This week marks the five-year anniversary since my dad left this world and turned into my angel. There isn’t a day that goes by that I don’t think of him, wishing he were still here for love and guidance, and regretting the many times that we did not connect and that I did not appreciate the amazing gift that was my father.
I don’t know about how it is for others who have lost loved ones, but for me it’s not the big things that I hold on to, but the small moments and memories that constantly flash through my mind…
My dad eating a chocolate cake with a knife rather than fork. That way every sliver is like the first bite.
Family ice skating on Sunday mornings. I remember his gentle pacing as I learned to cross one leg over the other to make a turn at the end of the rink. I was never a great skater, but I became good enough to play club ice hockey in college, and the rhythms of the movements of skating remain a source of peace for me.
Have no ego when you drive, and always leave plenty of space between you and the car in front of you. If someone wants to cut you off, let them. It’s not worth it.
When I sign checks at the office, I draw a big happy face or a giant red bow on the statement part of the checks. Why? Because Dad always wrote a jolly HELLO! on his checks. He said it gave people a smile when they opened the envelope.
More small details…
Never have a photo facing off the page—you want the eye leading into the words, not away from them…Don’t say “very unique.” Unique by definition is unique and needs no modifier.
When you make a decision, be decisive. Plan carefully. Research deeply. Talk to every wise person you can think of…and then decide and move forward.
Every day there are reminders of him, and in his absence, there are new lessons that are learned and new avenues to explore, independent of his input.
It’s incredible to see the woman that my mom became when, for the first time in 80+ years, she was free to do what she wanted to do, to be more than a mother and supportive wife. Not that she wasn’t her own version of a powerhouse, but with Dad’s departure, she was free to redefine herself, pursue her interests and spend time with her friends.
Children step into new roles as they fill voids left behind. Who will be the planner of family gatherings…and who will make those big decisions? Who will carve the turkey?
I never would have imagined the roles that I would have had to step into in my father’s absence, nor would I have realized the many lessons that had silently been absorbed into my body and soul and which were then called upon as situations arose. There was a very funny line from the 80’s sitcom My Two Dads when Paul Reiser wags his finger in conversation, pauses, looks down and then says, “When did I grow my mother’s finger?”

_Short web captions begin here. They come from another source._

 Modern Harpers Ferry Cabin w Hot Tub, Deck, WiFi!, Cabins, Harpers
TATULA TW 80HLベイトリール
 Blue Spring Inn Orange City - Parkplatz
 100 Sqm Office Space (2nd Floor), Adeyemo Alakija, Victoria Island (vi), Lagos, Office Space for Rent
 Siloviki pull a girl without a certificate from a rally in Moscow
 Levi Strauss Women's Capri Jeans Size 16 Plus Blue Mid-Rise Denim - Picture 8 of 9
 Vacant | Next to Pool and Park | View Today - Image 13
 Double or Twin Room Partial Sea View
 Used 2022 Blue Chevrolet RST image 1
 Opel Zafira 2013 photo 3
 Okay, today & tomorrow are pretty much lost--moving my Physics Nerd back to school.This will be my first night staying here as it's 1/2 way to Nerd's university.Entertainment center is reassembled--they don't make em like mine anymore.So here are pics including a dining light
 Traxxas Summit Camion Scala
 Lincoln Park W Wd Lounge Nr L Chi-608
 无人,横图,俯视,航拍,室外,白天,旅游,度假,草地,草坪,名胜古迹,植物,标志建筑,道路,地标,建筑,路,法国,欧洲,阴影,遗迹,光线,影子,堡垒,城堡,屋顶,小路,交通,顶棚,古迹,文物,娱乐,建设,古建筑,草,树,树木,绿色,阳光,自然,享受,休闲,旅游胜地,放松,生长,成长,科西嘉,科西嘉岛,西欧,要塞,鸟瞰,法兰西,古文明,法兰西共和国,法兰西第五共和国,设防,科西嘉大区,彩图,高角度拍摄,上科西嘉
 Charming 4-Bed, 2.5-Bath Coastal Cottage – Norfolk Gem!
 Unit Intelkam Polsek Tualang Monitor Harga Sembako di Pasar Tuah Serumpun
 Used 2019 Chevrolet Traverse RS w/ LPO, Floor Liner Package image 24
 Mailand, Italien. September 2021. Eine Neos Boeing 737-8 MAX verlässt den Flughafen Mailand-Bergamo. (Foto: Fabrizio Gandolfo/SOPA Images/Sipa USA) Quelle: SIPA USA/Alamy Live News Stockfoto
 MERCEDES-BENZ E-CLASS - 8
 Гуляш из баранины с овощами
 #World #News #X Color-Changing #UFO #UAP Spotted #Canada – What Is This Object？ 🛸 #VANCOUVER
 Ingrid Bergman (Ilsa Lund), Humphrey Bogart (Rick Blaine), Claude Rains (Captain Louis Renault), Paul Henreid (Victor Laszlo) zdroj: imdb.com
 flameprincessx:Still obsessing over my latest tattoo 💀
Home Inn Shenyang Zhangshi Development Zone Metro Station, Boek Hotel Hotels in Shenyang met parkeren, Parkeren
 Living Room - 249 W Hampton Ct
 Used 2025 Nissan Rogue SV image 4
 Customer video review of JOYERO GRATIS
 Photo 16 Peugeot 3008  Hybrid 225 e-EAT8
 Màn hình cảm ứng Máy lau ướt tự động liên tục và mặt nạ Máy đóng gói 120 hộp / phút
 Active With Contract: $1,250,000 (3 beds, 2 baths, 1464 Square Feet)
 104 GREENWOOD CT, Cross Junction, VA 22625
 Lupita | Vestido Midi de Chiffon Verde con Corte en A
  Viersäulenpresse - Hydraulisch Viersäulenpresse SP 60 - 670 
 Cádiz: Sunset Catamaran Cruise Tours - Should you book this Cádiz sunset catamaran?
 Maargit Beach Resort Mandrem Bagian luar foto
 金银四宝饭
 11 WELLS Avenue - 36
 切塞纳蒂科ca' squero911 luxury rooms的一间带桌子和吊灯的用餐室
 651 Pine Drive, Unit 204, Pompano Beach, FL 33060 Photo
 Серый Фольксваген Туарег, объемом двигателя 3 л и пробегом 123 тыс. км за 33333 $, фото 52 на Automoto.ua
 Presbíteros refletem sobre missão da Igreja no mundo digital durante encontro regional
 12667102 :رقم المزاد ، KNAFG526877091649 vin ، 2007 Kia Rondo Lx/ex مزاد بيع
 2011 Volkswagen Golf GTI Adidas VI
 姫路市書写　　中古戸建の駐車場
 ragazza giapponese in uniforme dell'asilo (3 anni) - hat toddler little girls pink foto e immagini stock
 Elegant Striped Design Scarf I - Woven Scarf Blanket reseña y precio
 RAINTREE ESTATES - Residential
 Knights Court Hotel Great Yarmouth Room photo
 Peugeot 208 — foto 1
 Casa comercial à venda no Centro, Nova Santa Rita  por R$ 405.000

When did I grow my father’s insights?
This is the cycle of life. We learn from those in our lives—parents, grandparents, friends, siblings—and then when they are gone, we apply what we have learned to complete our own evolution and growth. Suddenly there are new powers and skills that had previously been silent waiting to be called upon.
As I look forward, what are the skills and lessons being absorbed by those around me? What small moments of magic? What pearls of wisdom? What cringeworthy mistakes that should never be repeated?
I don’t live my life focused on what “they” will remember when I’m gone. But I do live every day choosing my words and behaviors carefully, knowing that they are making an impact. I’m hoping that it’s a positive one.